Dataset excerpt:

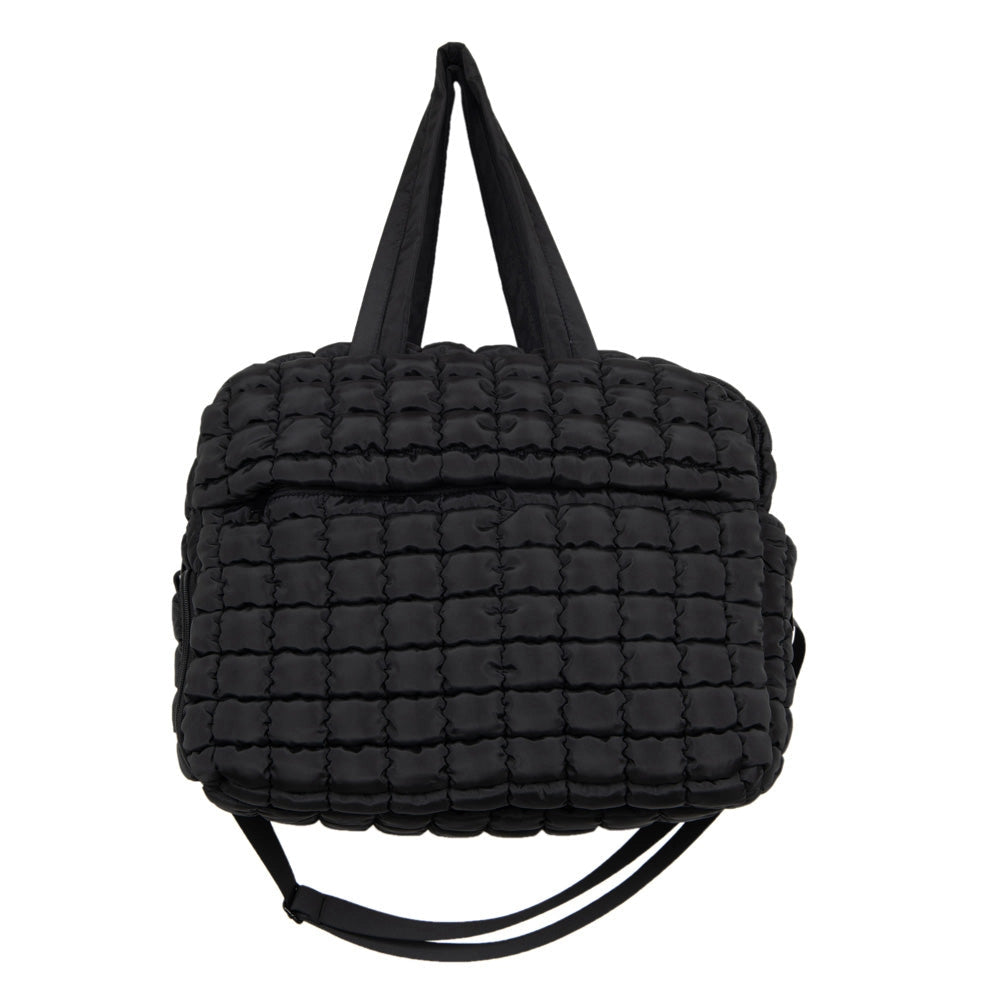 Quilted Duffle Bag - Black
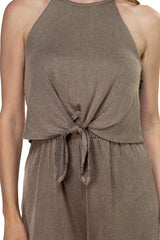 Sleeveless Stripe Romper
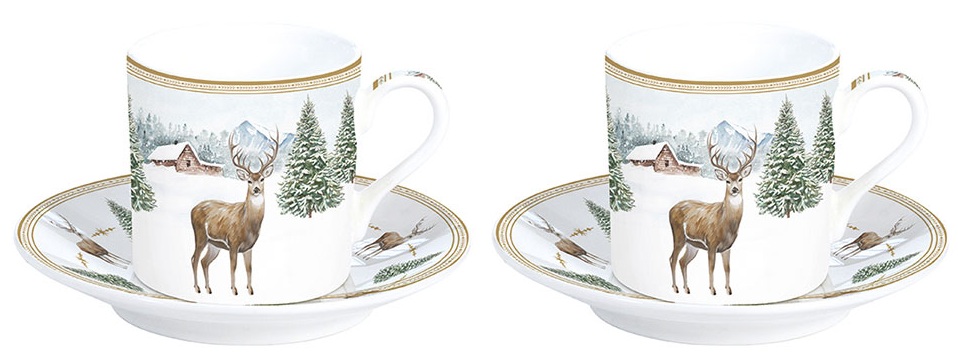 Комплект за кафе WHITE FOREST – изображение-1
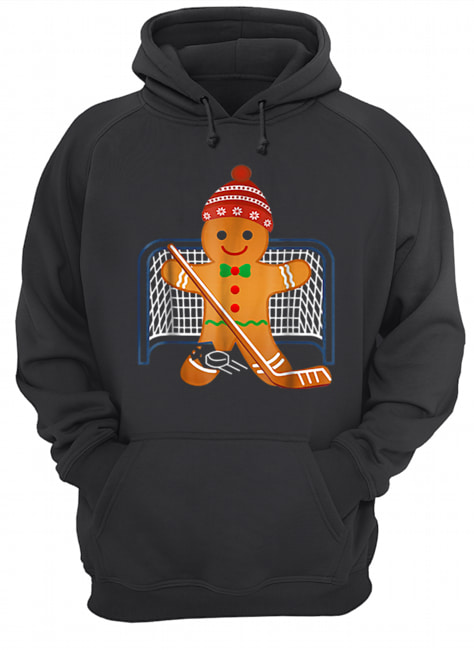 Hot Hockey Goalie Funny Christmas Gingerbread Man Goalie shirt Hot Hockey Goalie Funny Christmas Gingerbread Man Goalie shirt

Task goal: Copy out every line above, word for word, minus images.

Response:
 Quilted Duffle Bag - Black
 Sleeveless Stripe Romper
 Комплект за кафе WHITE FOREST – изображение-1
 Hot Hockey Goalie Funny Christmas Gingerbread Man Goalie shirt Hot Hockey Goalie Funny Christmas Gingerbread Man Goalie shirt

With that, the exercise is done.